Some systems, like Kubernetes, already solve service discovery pretty well. For example, here our web service can reach out to our API service within the same cluster, no matter what instance in the cluster it's running on. You can do that by name; it can do that anytime.
The cross-cluster problem: Kubernetes vs Consul
But there's a major caveat here in Kubernetes, and that's that this service discovery only works within the same cluster. If API wants to reach out to the DB service running in a different cluster, it wouldn't automatically know how to resolve that service endpoint.
There are ways to solve this. You could use a load balancer, but you're still responsible for propagation of that load balancer information across clusters. Of course, there are ways to do this, but you're down the path of building service discovery for your service discovery.
Again, Consul can help out here by being a central authority for all of the services that live across Kubernetes clusters.
The service registry ensures that everything that's running across both clusters is dynamically registered and monitored and health-checked, and is up to date. Either cluster can use that Consul service registry to discover and access a service on another cluster entirely.
This is all implemented behind the scenes using really simple mechanisms. At the end of the day, it's just the Consul agent running on each node, and it does DNS resolution for services that are in the registry. Kubernetes just talks to Consul over localhost, so there's no additional latency of another load balancer op.

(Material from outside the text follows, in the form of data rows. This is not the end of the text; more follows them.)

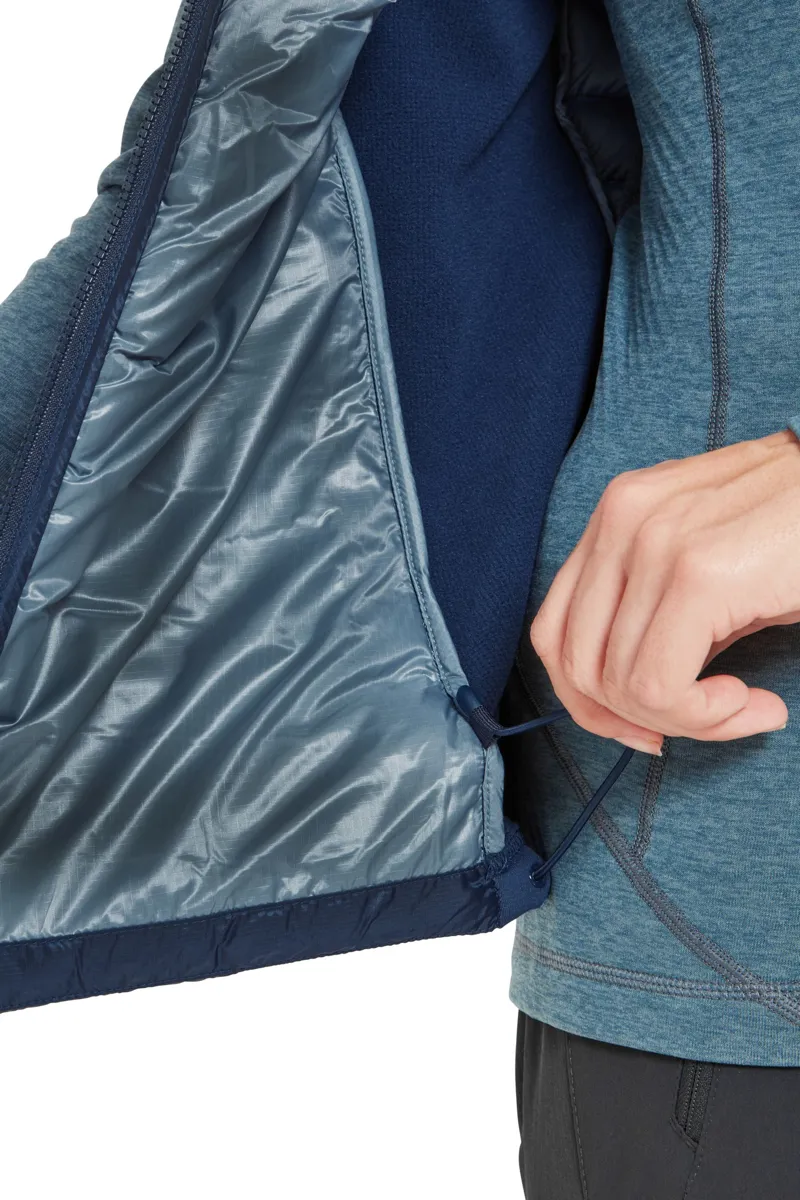 Rab Womens Cirrus Flex Vest - Tempest Blue-12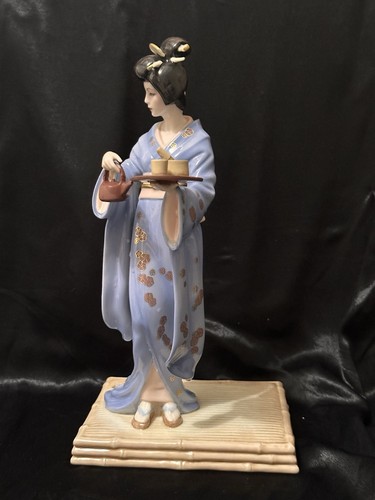 Tamiko japanese geisha - tamiko, manabu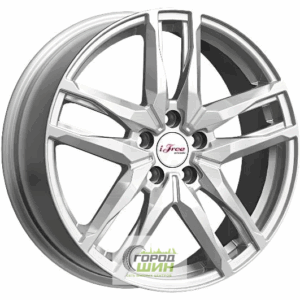 iFree Бомбей 6.5x18 5*108 ET52 DIA60.1 Нео-классик Литой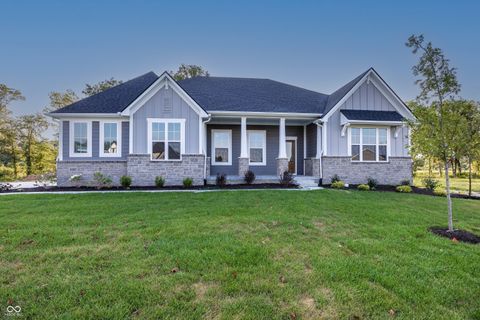 Photo of 9437 Dogwood Drive, McCordsville, IN 46055 (MLS # 22041702)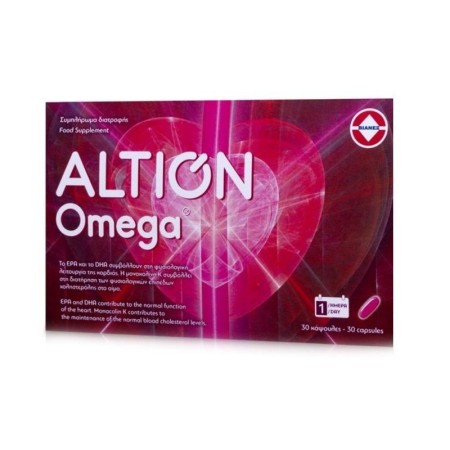 Altion - Omega Lipid 30c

Problem: Consul challenges across disconnected networks
But even with Consul, there are still some common networking challenges that we need to solve. Even if I have Consul, if my applications are on different disconnected networks, for example, I can't easily make them available to each other.
It's really common for us to see different Azure VNets for different teams. Maybe each team has their own VNet or their own Kubernetes cluster. It's also really common practice to put a Kubernetes cluster into its own VNet, and so the connectivity between these clusters is something we have to solve for.
You could again use an external load balancer in this case, but as we've seen, this doesn't really make your life that much easier.
If your clusters are in separate networks, we could use VNet Peering as well. We could solve this connectivity challenge that way, so long as we've planned our IP address space in advance.
This is the same problem as setting up a VPN to connect back on-prem. You need to make sure you've planned ahead, that you've got no IP address space overlap. If you do, you might need NAT and the complexity grows.
VNet Peering would then enable you to use an internal load balancer in this case, like we described in a previous slide, but then you have the challenge of managing the load balancer configuration as well as the underlying network connectivity.
Mesh gateways close the gap
A graceful way that Consul can help you solve this is with mesh gateways. We announced this as part of Consul 1.6. Mesh gateways are effectively just Envoy proxies, and they enable you to connect compute environments that run in different clouds, or in different networks.
Mesh gateways receive their configuration from Consul, and they just proxy fully encrypted traffic across network links. Super-cool because they can't decrypt that traffic. It's fully encrypted. The only plaintext that they see is the SNI header specifying where to forward traffic.
At the end of the day, it looks like this. Mesh gateways can help you connect to Kubernetes clusters that live in different networks. This can help you span Kubernetes service discovery across multiple clusters without needing to manage load balancers, and without needing to manage peering connections.
And because mesh gateways work anywhere, not just in Kubernetes, they're super-helpful for migration or hybrid use cases.
For example, you can add legacy applications to the service mesh even if they run in different networks. As a migration example, as you move pieces of functionality from a monolith running in a VM to Kubernetes, if they're all participating in the service mesh, all you need to do is re-register that service and its new location is automatically propagated across your infrastructure.
These are some of the numerous networking scenarios that Consul can help with. Especially if you're using Kubernetes and you need that cluster to communicate with other compute environments or other clusters, especially those living in different networks.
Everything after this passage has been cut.